Task item =
Skip the pictures. Output only the lines below starting at the line with "1:32 scale ram, ewes, lambs, and" and ending at the line with "Dr Joe Lab Castor", both ends included, exactly as they are.

Material for the task =
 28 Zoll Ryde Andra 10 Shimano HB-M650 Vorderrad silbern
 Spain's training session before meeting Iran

* * *

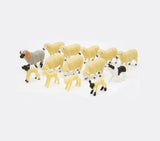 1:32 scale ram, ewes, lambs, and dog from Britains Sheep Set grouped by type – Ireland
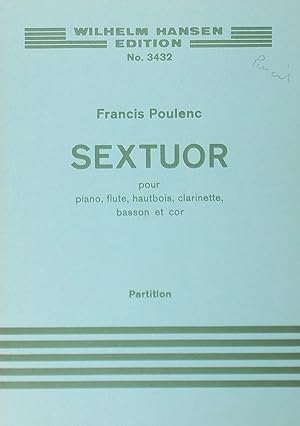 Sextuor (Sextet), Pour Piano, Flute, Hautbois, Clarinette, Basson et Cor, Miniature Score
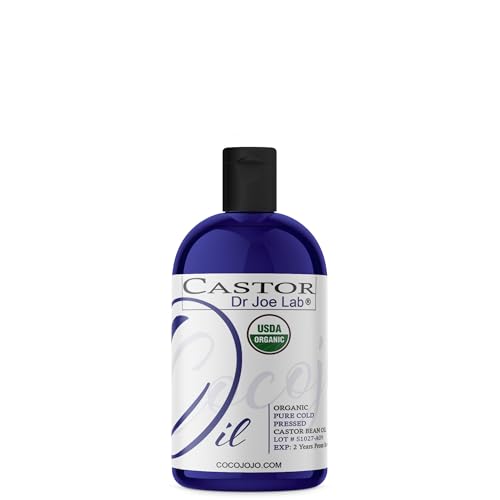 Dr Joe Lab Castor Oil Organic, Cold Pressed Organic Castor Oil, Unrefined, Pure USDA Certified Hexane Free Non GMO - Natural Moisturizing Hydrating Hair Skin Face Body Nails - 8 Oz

Worked solution =
 1:32 scale ram, ewes, lambs, and dog from Britains Sheep Set grouped by type – Ireland
 Sextuor (Sextet), Pour Piano, Flute, Hautbois, Clarinette, Basson et Cor, Miniature Score
 Dr Joe Lab Castor Oil Organic, Cold Pressed Organic Castor Oil, Unrefined, Pure USDA Certified Hexane Free Non GMO - Natural Moisturizing Hydrating Hair Skin Face Body Nails - 8 Oz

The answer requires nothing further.